The Descent of Beds

They say when you hit the bottom, the only way is up. But in 2010, I found I seemed to keep plunging through new, hidden levels of bottom. Maybe I was some sort of losing pioneer. My descent just didn’t stop. Slowly, every bit of comfort I had in my life was stripped away.

Most people take a bed for granted, but you’re only ever three or four bad decisions away from losing the bed from your life. When things got very difficult for me a few years back, I ended up doing a reverse Ascent of Man, only the bed equivalent. I did the ‘Descent of Beds’. I did the whole circuit in fact. I went from a King Size double bed with an oak veneered Bedstead with a medium oak finish – which owing to my lack of handiness with tools, the Kind Girl had to put together – to spending a night sleeping in my decommissioned office chair in my Balham storage unit, where the motion sensor lights in the storage would go off every fifteen minutes. Too uncomfortable to sleep, I spent the whole night flapping my arms like I had some illness just to keep the lights on after my mobile had died.

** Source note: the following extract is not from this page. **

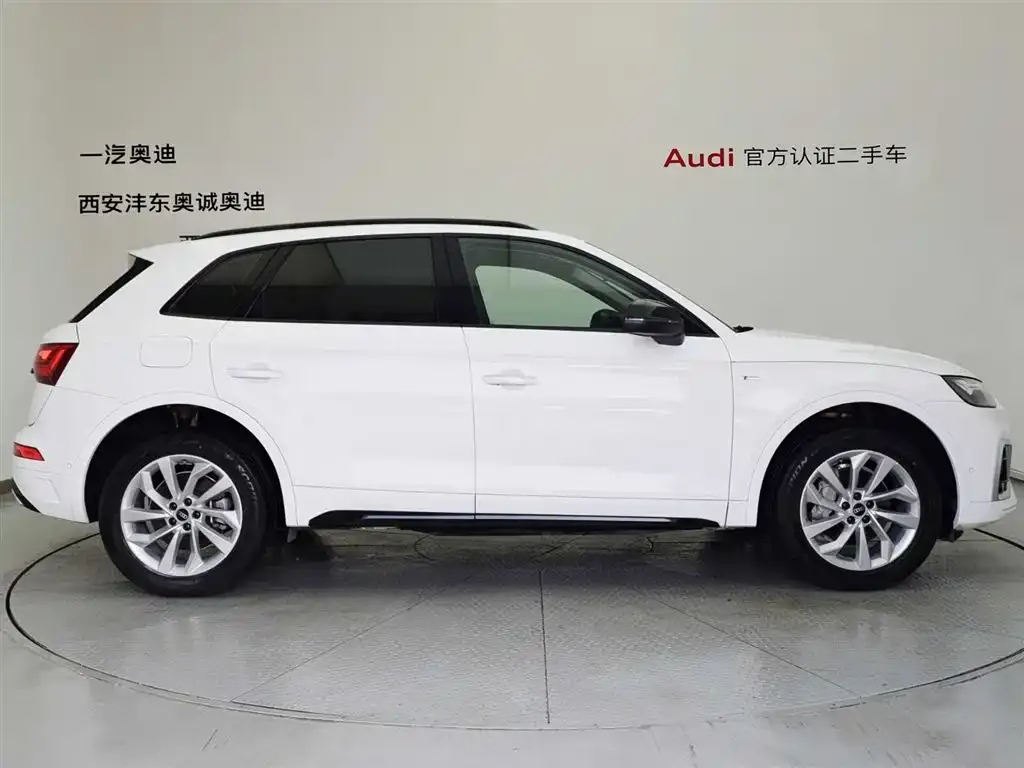 Audi Q5L 2021 из CN, фото 6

My unit was packed with all my stuff, things that I wouldn’t be able to use for a long time because of my nomadic existence. I wore slim fit jeans that night. That was a big mistake. The storage unit was cramped and those jeans were claustrophobic on the crotch. It was a tight squeeze in there. I’m talking both the storage unit and the jeans.

As you slowly recover, you find yourself sleeping on an assortment of beds that need to be put together before you can sleep on them, waiting for people to leave the room so you can build the bed. You stand at the bottom of the stairs, all deferential, waiting to collect your bedding. It is horrible to live like that. Long-standing friendships are altered forever, your standing in the hierarchy of those associations slipping. I slept on floors. I slept on all manner of sofas – sofas that pulled out and sofas that didn’t pull out. I slept on futons too.

I started off with the inflatable though. The inflatable is the worst. I don’t think when people buy them, that they realise quite how noisy an inflatable is or what a bad night’s sleep they’re putting their guest through. The inflatable is right up there with the waterbed. The bedding keeps sliding off too. The key to getting a half decent night’s sleep on the inflatable – you can’t hope for better than that – is to only go to bed when you’re absolutely tired and it’s imperative that you settle into your sleeping position early.

Just weeks before he passed away, Lopez was putting me up at his Norbury place, which his brother had gradually refurbished to make him more comfortable during his illness. Whilst there, I slept on an inflatable which had a small hole in it. I taped the hole up, but to no avail. Every night I’d re-inflate this thing, only for it to lose air. I’d spend each night gradually sinking into the floor. The bed sinking like my career. Complaining wasn’t really an option. Lopez was on chemo. He was getting lumbar punctures. I was just on a punctured inflatable.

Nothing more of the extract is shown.